Annelise dreams of better things than working in her parents' bakery for the rest of her life. Even a husband and children, whenever they arrive, will not save her -- she will always end up back in the bakery when her children are old enough.

But then Annelise's life becomes more difficult. A life-long friend shuns her, a brick hurls through her window, and customers desert the bakery. Although she isn't very religious, Annelise is a Jew. Sentiment towards people with Jewish ancestry continues to crumble in the days leading up to World War II.

Annelise is lucky enough to obtain passage to America before the war breaks out but must leave her parents behind. She finds comfort in her young daughter, Ruthie, on the long journey.
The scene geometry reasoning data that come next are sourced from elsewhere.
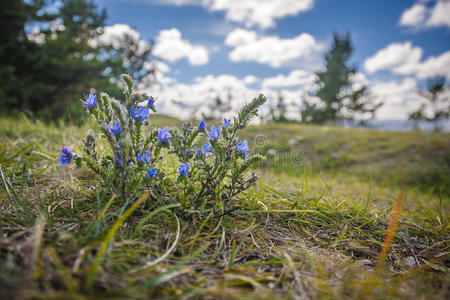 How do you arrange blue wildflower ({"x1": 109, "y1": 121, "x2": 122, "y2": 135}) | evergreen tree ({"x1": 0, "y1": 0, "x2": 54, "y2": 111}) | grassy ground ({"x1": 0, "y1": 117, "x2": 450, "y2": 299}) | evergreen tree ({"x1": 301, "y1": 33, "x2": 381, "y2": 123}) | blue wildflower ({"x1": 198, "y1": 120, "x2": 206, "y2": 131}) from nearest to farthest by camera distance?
1. grassy ground ({"x1": 0, "y1": 117, "x2": 450, "y2": 299})
2. blue wildflower ({"x1": 109, "y1": 121, "x2": 122, "y2": 135})
3. blue wildflower ({"x1": 198, "y1": 120, "x2": 206, "y2": 131})
4. evergreen tree ({"x1": 0, "y1": 0, "x2": 54, "y2": 111})
5. evergreen tree ({"x1": 301, "y1": 33, "x2": 381, "y2": 123})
The story follows four generations of a family as their lives change from content to fearful. It's easy for the younger generations to forget the troubles of their older relatives. Clare's story pales in comparison to that of her grandmother.

The narration switches between Annelise and Clare and occasionally switches points of view to Annelise's father, mother, or husband, which makes the story hard to follow in audio format. The lack of chapter headings and cues like page breaks also contributes to the feeling of being lost in one long story.

Natasha Soudek conveys emotions well in her narration. Her reading of Clare sounds more modern and helps distinguish between the two women.

Recommended for fans of family sagas and World War II fiction.